What is the Difference Between Probability and Logit?

Probability quantifies the likelihood of an event occurring, ranging from zero to one, whereas logit transforms this probability into a scale that spans all real numbers, representing the log-odds of the event.

Understanding the distinction between probability and logit is fundamental in various fields, particularly in statistics, machine learning, and data science. While both relate to the likelihood of an event, they operate on different scales and serve distinct purposes in modeling and interpretation.

Probability: The Likelihood Scale

Probability ($p$) is a measure of the likelihood that an event will occur. It is expressed as a number between 0 and 1, inclusive.
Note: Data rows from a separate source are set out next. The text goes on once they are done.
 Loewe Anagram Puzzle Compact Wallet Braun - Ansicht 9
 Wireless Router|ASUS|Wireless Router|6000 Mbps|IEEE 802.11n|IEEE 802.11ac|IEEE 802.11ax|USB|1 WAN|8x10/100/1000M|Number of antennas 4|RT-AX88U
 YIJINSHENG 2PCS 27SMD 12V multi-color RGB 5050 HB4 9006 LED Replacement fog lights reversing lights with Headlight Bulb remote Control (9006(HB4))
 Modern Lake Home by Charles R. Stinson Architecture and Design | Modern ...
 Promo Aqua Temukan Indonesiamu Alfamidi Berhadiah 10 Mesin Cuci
A probability of 0 indicates that the event is impossible.
A probability of 1 indicates that the event is certain to occur.
A probability of 0.5 indicates an equal chance of the event occurring or not occurring.
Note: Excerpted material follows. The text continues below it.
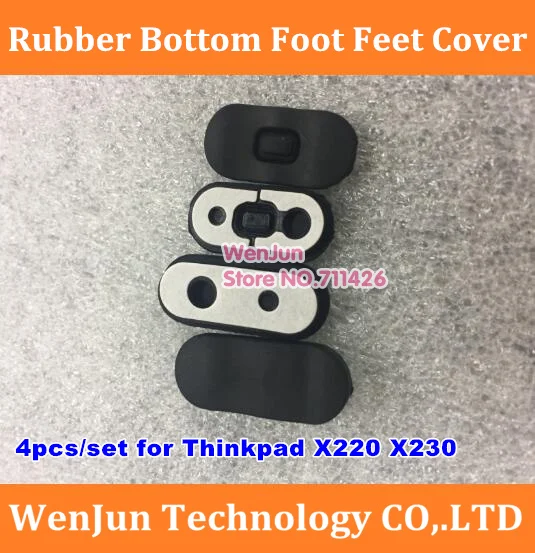 4pcs/set  High Quality Rubber Bottom Foot Feet Cover for Lenovo X220 X220i X220T X230 X230i X230T series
Probabilities are intuitive and easily understood by a wide audience, representing percentages when multiplied by 100 (e.g., a probability of 0.75 is a 75% chance).

Logit: The Log-Odds Scale

The logit is a function that transforms a probability ($p$) into the log-odds. Specifically, it's the natural logarithm of the odds. The odds of an event are calculated as $p / (1-p)$, which is the ratio of the probability of the event occurring to the probability of it not occurring.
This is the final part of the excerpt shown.